En vertu de la politique Trump « Deploy or Get Out » (« Se déployer ou sortir »), les militaires peuvent être licencié.e.s s’ils et si elles ne peuvent pas être envoyée en dehors des États-Unis pendant plus d’un an.
Lorsque la loi a été dévoilée en février dernier, le secrétaire à la Défense, Jim Mattis, avait déclaré : « Si vous ne pouvez pas aller à l’étranger et porter une charge de combat, alors, évidemment, quelqu’un d’autre doit y aller ».

Les deux hommes, qui sont sous traitement antirétroviral, ne présentent aucun signe de la maladie et ont été déclaré par leur médecin physiquement aptes à exercer leur fonction dans l’armée américaine.

L’affaire est passé de nouveau devant le tribunal fédéral le 10 janvier 2019 qui a décidé de maintenir l’injonction, jugeant que l’interdiction de déploiement était fondée sur une « compréhension obsolète » du VIH.

« Toute information sur le VIH qui pourrait justifier cette interdiction est dépassée et en contradiction avec la science actuelle. »

Le juge James A. Wynn Jr. a déclaré : « Cela peut avoir été justifié à une époque où le traitement anti-VIH était moins efficace pour contrôler le virus et réduire les risques de transmission. Mais toute information sur le VIH qui pourrait justifier cette interdiction est dépassée et en contradiction avec la science actuelle. »

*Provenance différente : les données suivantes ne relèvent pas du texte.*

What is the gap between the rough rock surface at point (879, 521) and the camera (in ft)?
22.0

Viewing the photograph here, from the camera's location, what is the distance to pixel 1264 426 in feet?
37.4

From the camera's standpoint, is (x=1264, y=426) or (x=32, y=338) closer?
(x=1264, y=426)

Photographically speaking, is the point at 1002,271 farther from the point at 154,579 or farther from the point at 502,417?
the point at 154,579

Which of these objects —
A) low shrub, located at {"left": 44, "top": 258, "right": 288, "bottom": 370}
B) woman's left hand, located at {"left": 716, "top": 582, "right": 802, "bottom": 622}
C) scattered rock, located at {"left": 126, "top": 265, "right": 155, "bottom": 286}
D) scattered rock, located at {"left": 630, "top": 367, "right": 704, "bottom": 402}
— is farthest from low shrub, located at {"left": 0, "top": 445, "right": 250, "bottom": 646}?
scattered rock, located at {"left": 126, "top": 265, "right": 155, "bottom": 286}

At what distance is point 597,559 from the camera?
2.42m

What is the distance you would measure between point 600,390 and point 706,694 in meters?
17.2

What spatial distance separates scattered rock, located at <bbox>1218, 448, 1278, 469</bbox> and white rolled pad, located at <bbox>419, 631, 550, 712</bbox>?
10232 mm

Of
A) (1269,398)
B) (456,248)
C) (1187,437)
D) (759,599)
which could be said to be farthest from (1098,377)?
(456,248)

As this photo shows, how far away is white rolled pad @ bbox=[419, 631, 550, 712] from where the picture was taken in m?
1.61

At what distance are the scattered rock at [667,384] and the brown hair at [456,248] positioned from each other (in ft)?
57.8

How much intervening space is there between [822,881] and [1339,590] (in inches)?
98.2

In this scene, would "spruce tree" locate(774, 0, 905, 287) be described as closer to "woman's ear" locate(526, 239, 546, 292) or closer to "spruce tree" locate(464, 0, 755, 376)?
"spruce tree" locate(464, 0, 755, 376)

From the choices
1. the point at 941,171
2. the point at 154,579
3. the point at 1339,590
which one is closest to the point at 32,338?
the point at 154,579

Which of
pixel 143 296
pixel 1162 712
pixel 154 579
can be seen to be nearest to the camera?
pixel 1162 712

Les deux hommes étaient représentés par Lambda Legal, une organisation de défense des droits civiques qui se bat au nom des personnes LGBT +. Scott Schoettes, directeur du projet VIH de Lambda Legal, a déclaré que le gouvernement américain n’était pas encore en mesure de donner une justification raisonnable au « traitement discriminatoire » des militaires.

Cette récente décision permettra, on l’espère, de prouver une bonne fois pour toute au procès qu’une personne vivant avec le VIH peut accomplir un travail en tant que soldat ou pilote en toute sécurité comme n’importe qui d’autre.